The prevalent trend toward the use of IP in SOC designs was born primarily out of two compelling needs: to reduce the time and cost required to fill up the enormous gate capacities inherent to deep-submicron processes, and to amortize the cost of creating functional blocks whose content offers value as reusable design elements. Unfortunately, the advent of massive IP-based ICs has also given rise to extraordinarily complex design and verification problems.

The electronic design automation (EDA) industry has made great strides in alleviating some of these design problems through a variety of high-performance tools and methodologies that improve and extend design automation, raising the design effort to higher levels of abstraction. However, advances in verification have centered primarily on increasing the speed of simulation, not on automating the verification methodology as a whole. Thus, the difficulties one encounters when verifying these large, complex, IP-based designs remain relatively unaddressed.

Specman™, Verisity's functional verification automation product, directly addresses the problems that arise when verifying correct integration of IP. To understand how Specman accomplishes this, one must understand the nature of the verification bottleneck. As designs grow more complex, the verification problems they pose grow exponentially—as designs double in size, the verification code can easily quadruple.
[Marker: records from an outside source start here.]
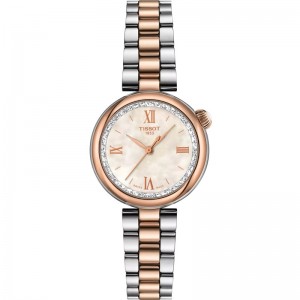 TISSOT T-Lady Desir Ρολόι Γυναικείο Δίχρωμο Ανοξείδωτο Ατσάλι μπρασελέ T1520102211800 TISSOT T-Lady Desir Ρολόι Γυναικείο Δίχρωμο Ανοξείδωτο Ατσάλι μπρασελέ T1520102211800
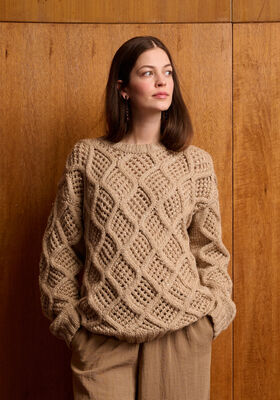 TRUI Cool Merino Big & Glamour van Lana Grossa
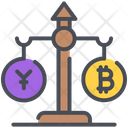 Bitcoin Balance Icon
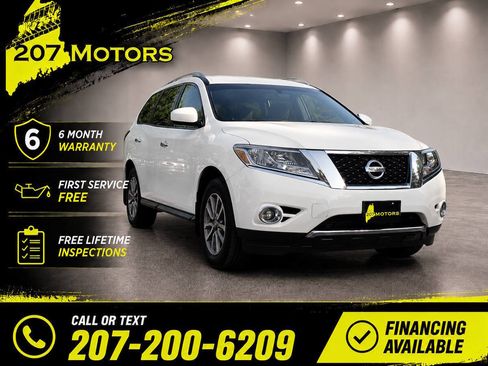 Used 2016 Nissan Pathfinder SV AWD/4WD image 1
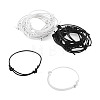 24Pcs 2 Styles Cowhide Leather Cord Bracelets Making BJEW-TAC0074-3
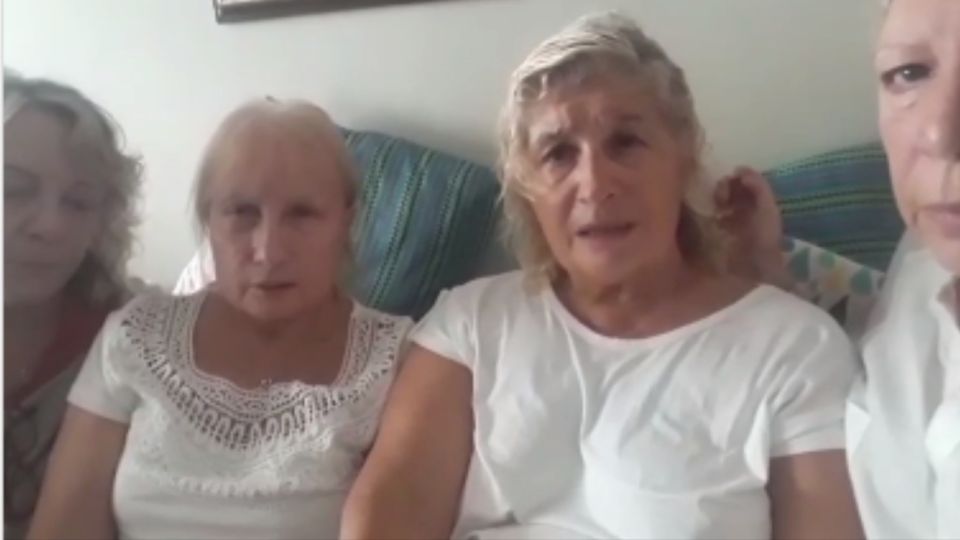 Las mujeres viajaron a Brasil el 11 de marzo.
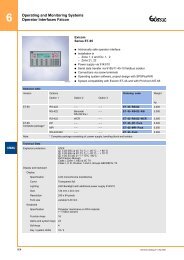 Exicom, for Installation in Zones 1, 21, 2, 22 and Class I Div 1, 2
As a result, the typical verification effort consumes as much as 50 to 70 percent of the entire engineering budget.

Unfortunately, neither the schedule nor the available engineering resources offer much in the way of flexibility. More importantly, the cost of missing a time-to-market schedule can force design teams to prematurely terminate the verification effort. This leads to incomplete and inadequate functional verification, creating the potential for a pattern of debug cycles, re-designs and re-spins that erode the profitability and quality of the end product. Thus, IC design quality becomes a function of the verification schedule, rather than verification metrics.

Functional verification automation is an emerging methodology for functional verification that solves many of the problems associated with verifying large, complex designs. An effective application of this methodology provides three essential capabilities to help break through the verification bottleneck:

  • it automates the verification process, reducing by as much as four times the amount of manual work needed to develop the verification environment and tests;
  • it provides functional coverage analysis capabilities to help measure the progress and completeness of the verification effort;
  • it raises the level of abstraction used to describe the environment and tests from the RTL level to the architecture/functional specification level.

As bad as verification is for today's complex designs, it is even worse for IP-based designs. Besides dealing with the challenge of size and complexity, an effective verification methodology for IP-based designs must also solve the verification problems of both the IP developer and the IP integrator.

IP developers and IP integrators have two very different views of the world, and therefore, two separate sets of verification problems. The IP developer may be intimately familiar with the micro-architecture of the block of functionality they have created, but have only a fuzzy idea about what the target system will look like. Conversely, the IP integrator knows the target system in detail, but the IP itself is a "black box" often buried deep within the design, offering the integrator little, if any, controllability or visibility to the primary inputs and outputs of the IP.

IP Developer

IP Integrator

The IP developer has a detailed understanding of the microarchitecture, but an incomplete view of the target system.

The IP integrator understands the system, but sees the IP as a black box, often with little or no visibility or controllability at the IP ports.


The IP Verification Problem


The IP developer needs to create high-quality IP to overcome their customers' apprehensions about placing something that was designed by somebody else into the critical path of their success. To the developer, successful verification means being able to assure the customer (the integrator) that there are no quality problems at the IP block level, and that there will be none once the block has been integrated with the rest of the system. The ability to offer substantiated assurance is critical to the IP developer, because their success hinges on the customer's design making it to volume production. This also means they need to help solve the IP integrator's verification problems.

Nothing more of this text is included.